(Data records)

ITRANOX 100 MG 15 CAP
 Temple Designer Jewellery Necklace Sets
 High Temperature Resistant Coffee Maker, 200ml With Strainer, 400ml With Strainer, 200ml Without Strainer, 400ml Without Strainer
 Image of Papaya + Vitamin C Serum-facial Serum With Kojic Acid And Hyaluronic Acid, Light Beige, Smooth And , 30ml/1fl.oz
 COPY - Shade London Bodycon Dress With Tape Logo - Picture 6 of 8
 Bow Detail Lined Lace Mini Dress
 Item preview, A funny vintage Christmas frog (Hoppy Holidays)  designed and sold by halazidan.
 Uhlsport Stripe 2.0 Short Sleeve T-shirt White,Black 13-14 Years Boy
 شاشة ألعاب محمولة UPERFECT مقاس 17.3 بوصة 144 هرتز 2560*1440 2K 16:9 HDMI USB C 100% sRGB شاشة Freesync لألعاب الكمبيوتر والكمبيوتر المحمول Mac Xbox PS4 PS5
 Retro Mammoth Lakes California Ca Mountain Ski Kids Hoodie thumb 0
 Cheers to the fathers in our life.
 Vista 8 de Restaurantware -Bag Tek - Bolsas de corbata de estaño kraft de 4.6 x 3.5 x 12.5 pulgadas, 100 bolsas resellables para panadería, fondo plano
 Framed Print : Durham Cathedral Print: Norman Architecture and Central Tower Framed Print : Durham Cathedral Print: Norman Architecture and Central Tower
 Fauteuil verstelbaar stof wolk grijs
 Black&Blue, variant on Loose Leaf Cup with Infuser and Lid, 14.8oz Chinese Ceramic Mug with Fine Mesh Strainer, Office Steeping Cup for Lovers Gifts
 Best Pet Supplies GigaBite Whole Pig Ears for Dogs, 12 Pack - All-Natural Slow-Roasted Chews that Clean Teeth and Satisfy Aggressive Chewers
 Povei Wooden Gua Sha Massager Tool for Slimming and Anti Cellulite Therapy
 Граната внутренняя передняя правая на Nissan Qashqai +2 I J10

__Try it__: Please reproduce all of the entries above exactly as they appear.

__Response to the exercise__:
ITRANOX 100 MG 15 CAP
 Temple Designer Jewellery Necklace Sets
 High Temperature Resistant Coffee Maker, 200ml With Strainer, 400ml With Strainer, 200ml Without Strainer, 400ml Without Strainer
 Image of Papaya + Vitamin C Serum-facial Serum With Kojic Acid And Hyaluronic Acid, Light Beige, Smooth And , 30ml/1fl.oz
 COPY - Shade London Bodycon Dress With Tape Logo - Picture 6 of 8
 Bow Detail Lined Lace Mini Dress
 Item preview, A funny vintage Christmas frog (Hoppy Holidays)  designed and sold by halazidan.
 Uhlsport Stripe 2.0 Short Sleeve T-shirt White,Black 13-14 Years Boy
 شاشة ألعاب محمولة UPERFECT مقاس 17.3 بوصة 144 هرتز 2560*1440 2K 16:9 HDMI USB C 100% sRGB شاشة Freesync لألعاب الكمبيوتر والكمبيوتر المحمول Mac Xbox PS4 PS5
 Retro Mammoth Lakes California Ca Mountain Ski Kids Hoodie thumb 0
 Cheers to the fathers in our life.
 Vista 8 de Restaurantware -Bag Tek - Bolsas de corbata de estaño kraft de 4.6 x 3.5 x 12.5 pulgadas, 100 bolsas resellables para panadería, fondo plano
 Framed Print : Durham Cathedral Print: Norman Architecture and Central Tower Framed Print : Durham Cathedral Print: Norman Architecture and Central Tower
 Fauteuil verstelbaar stof wolk grijs
 Black&Blue, variant on Loose Leaf Cup with Infuser and Lid, 14.8oz Chinese Ceramic Mug with Fine Mesh Strainer, Office Steeping Cup for Lovers Gifts
 Best Pet Supplies GigaBite Whole Pig Ears for Dogs, 12 Pack - All-Natural Slow-Roasted Chews that Clean Teeth and Satisfy Aggressive Chewers
 Povei Wooden Gua Sha Massager Tool for Slimming and Anti Cellulite Therapy
 Граната внутренняя передняя правая на Nissan Qashqai +2 I J10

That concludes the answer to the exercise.